Availability Group Backup Failures

James Anderson had a recent experience in which a database in an Availability Group failed to back up properly:

Last week, I received an alert that the percentage of transaction log in use on one of our production databases was increasing more than it should have been. I’ll refer to this database as DB1 from here on in. It had reached 18%, which is above the normal 5-10% we like to see it at. DB1 is in an Always On Availability Group so if the log usage jumps we jump.

The first thing I checked was that the log backups were running. We use Ola Hallengren’s maintenance solution to manage our backups. The backup jobs were running without error.

The next thing to check was the log_reuse_wait_desc column in sys.databases.

The highlighted row is the row for DB1. A log_reuse_wait of 2 means there were no changes to backup since the last log backup. If that were the case then why was my transaction log slowly filling like an unattended bath?

Read on to learn more.  James also has a link to a (closed/won’t-fix) Connect item.

Availability Group Changes

Allan Hirt digs into SQL Server 2016 Availability Group changes:

What is a distributed availability group? Distributed availability groups allows you to create two different AGs on different Windows Server failover clusters (WSFCs) but join them together – if you will, an AG of AGs. This is great for disaster recovery scenarios where you do not want to worry (more than you should) about things like voters and quorum in a  single WSFC which could make the configuration more complex. This also allows for different versions of Windows Server (one WSFC is Windows Server 2012 R2 and another Windows Server 2016). Heck, it could even facilitate migrations to new hardware/the public cloud/virtualization assuming the same major version of SQL Server. It’s a cool feature. You can only manually fail over the AG between the WSFCs, but that’s OK, and you do need a listener for each AG. If you do not plan on using a listener, you cannot create a distributed AG.

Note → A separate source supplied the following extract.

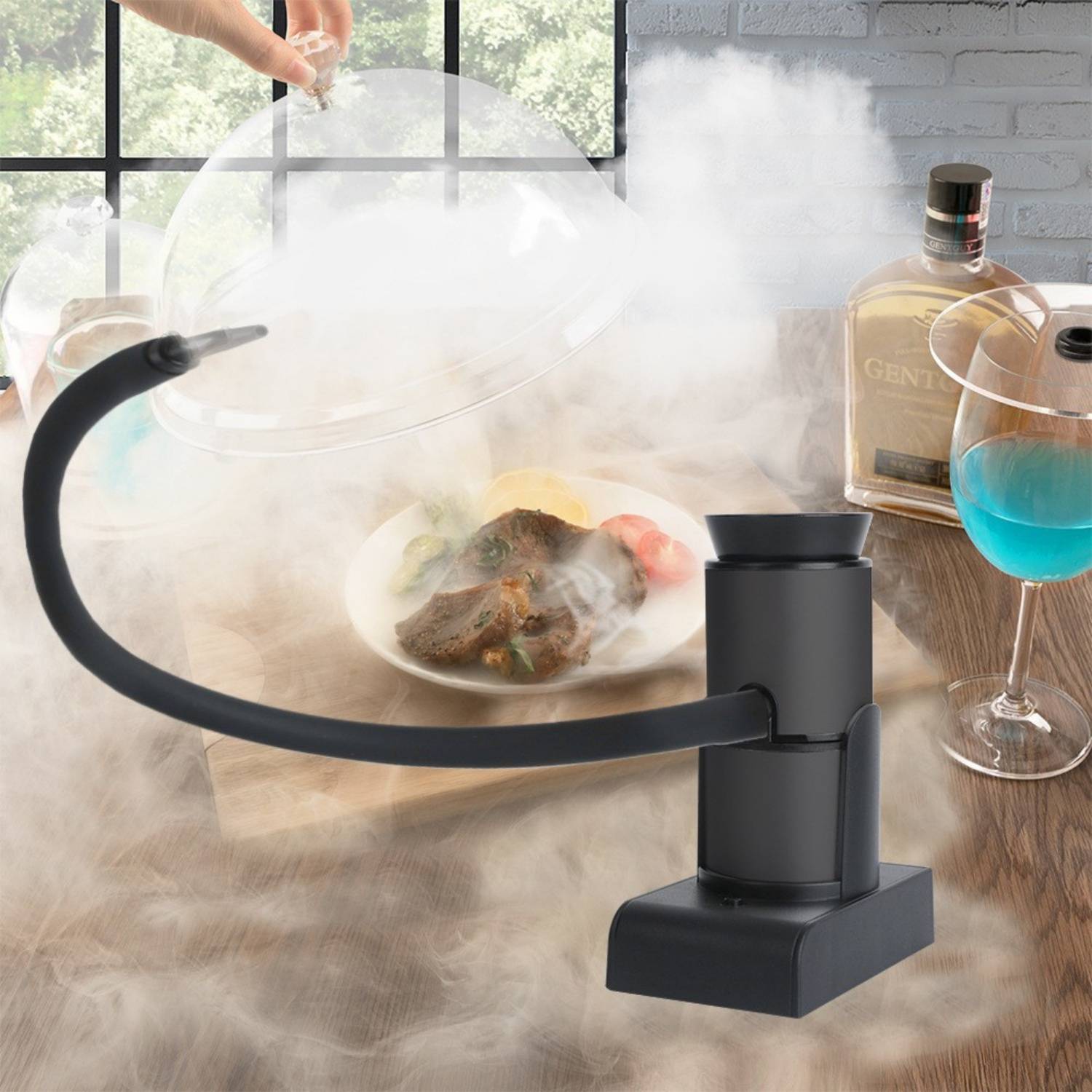 Portable Handheld Smoke Infuser Gun 5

Side note:  when I read DAG, I think directed acyclical graph.  Maybe I’m just weird that way…

Main note:  the idea of “seeding” an Availability Group sounds wonderful.

Granting Permissions In AGs Or On Mirrors

Matan Yungman discusses how to grant permissions only to the replica database in a mirroring or Availability Groups scenario:

You work with Database Mirroring or AlwaysOn AG, and you want to make sure your end users work only on the secondary server. How should you do that?

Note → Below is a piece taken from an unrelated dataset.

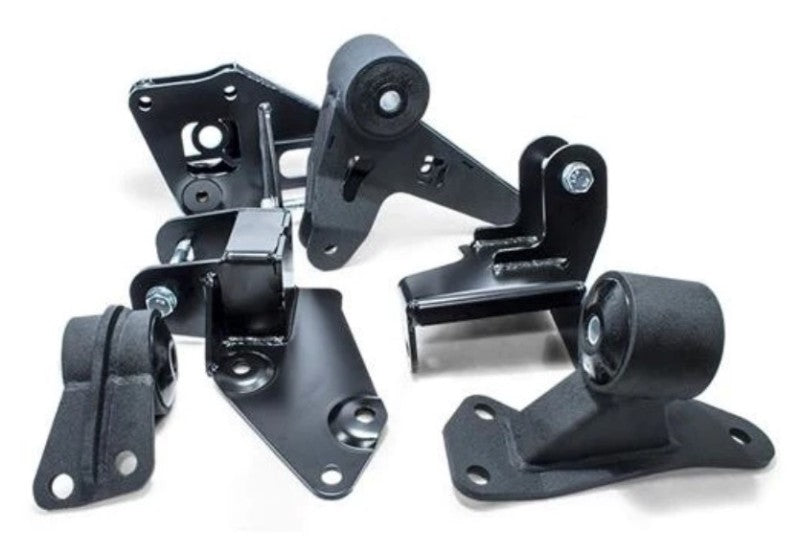 Innovative Mounts Innovative 96-00 Civic K Series/Manual Series Silver Aluminum Mounts 75A Bushings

This solution feels a little hacky to me.  There’s enough value in it that I could see companies doing this, but it’d be nice if there were an easier way.

DR On The Cheap

Derik Hammer’s final Availability Group architecture post covers disaster recovery on the cheap:

This architecture can be used when your organization does not value their secondary data center the same as the primary. It is a best practice to have matched or similar hardware between your primary and disaster recovery sites but that is not always possible. When costs need to be reduced it is better to have one failover server that you know can handle the work load rather than two servers which are under powered. Under powered hardware can easily become an effective outage if they cause timeouts as soon as a production work load is placed on them.

For many small to medium-sized enterprises, this might be the easiest route to sell to management—it’s hard to get management to have “redundant” servers which normally don’t get used.

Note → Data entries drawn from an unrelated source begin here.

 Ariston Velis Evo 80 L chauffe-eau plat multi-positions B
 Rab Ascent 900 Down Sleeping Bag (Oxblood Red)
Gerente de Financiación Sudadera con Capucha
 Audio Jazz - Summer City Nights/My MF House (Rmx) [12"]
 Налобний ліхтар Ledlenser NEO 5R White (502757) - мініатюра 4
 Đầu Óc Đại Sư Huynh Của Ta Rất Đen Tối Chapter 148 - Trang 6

Availability Groups And Failover Cluster Instances

Derik Hammer digs into a more complex architecture for HA+DR:

The Availability Group will handle the data synchronization between the data centers. Asynchronous mode is recommend due to potential network latency hindering primary site performance. With the combination of these two features, you meet HA with the FCI’s automatic failover locally and DR with manual failover of the Availability Group between sites.

Derik’s conclusion is important:  this isn’t the type of thing a brand new accidental DBA should try to build; there are a lot of moving parts here.  But if you want a robust solution and have the support people available to handle the relative complexity, this is a good option.

Read-Only AG Routing

John Handra shows how to configure read-only routing on an Availability Group:

NOTE: SQL Server 2016 introduces load-balancing across the secondary replicas in your AlwaysOn Availability Group. To utilize this feature, the above routing list will need to be modified so that SQL Server directs incoming read-only connections across the servers you choose to be load-balanced. You will have to use nested parentheses around the server instances you want to be part of the load-balanced group.

Read-only routing requires some additional setup and possibly load changes, but it can give you a nice performance gain by off-loading some of your read requests.